**Available data**:
Segment Open

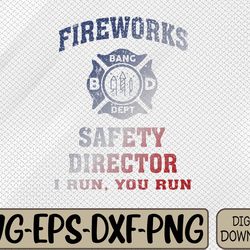 funny fireworks safety director firefighter america red pyro svg, eps, png, dxf, digital download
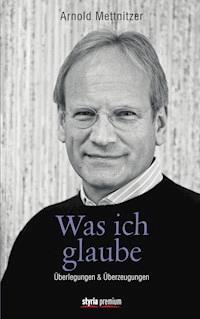 Was ich glaube - Arnold Mettnitzer - ebook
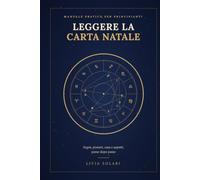 Leggere la Carta Natale: Manuale pratico per principianti: segni, pianeti, case e aspetti, passo dopo passo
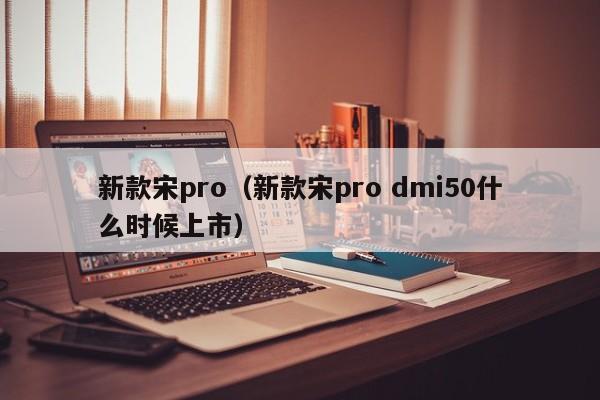 新款宋pro（新款宋pro dmi50什么时候上市）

Segment Closed

**Assigned task**: The data needs to be reproduced exactly, please, apart from its pictures.

**Written answer**:
 funny fireworks safety director firefighter america red pyro svg, eps, png, dxf, digital download
 Was ich glaube - Arnold Mettnitzer - ebook
 Leggere la Carta Natale: Manuale pratico per principianti: segni, pianeti, case e aspetti, passo dopo passo
 新款宋pro（新款宋pro dmi50什么时候上市）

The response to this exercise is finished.